**WHAT YOU HAVE TO DO:** Copy word for word each line from the one that has "SilverStone RM23-502-MINI Drive" to the last line of the records, with no other lines.
_ _ _ _ _
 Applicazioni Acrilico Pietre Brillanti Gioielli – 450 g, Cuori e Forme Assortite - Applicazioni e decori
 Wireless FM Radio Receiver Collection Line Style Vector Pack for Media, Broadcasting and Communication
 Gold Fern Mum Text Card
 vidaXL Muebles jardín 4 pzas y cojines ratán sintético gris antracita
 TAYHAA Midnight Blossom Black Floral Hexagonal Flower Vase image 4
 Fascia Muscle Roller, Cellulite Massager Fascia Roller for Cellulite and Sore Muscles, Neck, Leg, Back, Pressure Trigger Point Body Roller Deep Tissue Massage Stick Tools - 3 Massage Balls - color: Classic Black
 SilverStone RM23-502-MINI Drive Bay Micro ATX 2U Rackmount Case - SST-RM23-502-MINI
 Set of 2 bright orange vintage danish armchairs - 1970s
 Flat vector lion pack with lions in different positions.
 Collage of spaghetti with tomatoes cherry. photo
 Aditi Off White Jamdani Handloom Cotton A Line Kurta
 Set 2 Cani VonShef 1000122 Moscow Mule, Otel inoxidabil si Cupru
_ _ _ _ _
**REPLY:**
 SilverStone RM23-502-MINI Drive Bay Micro ATX 2U Rackmount Case - SST-RM23-502-MINI
 Set of 2 bright orange vintage danish armchairs - 1970s
 Flat vector lion pack with lions in different positions.
 Collage of spaghetti with tomatoes cherry. photo
 Aditi Off White Jamdani Handloom Cotton A Line Kurta
 Set 2 Cani VonShef 1000122 Moscow Mule, Otel inoxidabil si Cupru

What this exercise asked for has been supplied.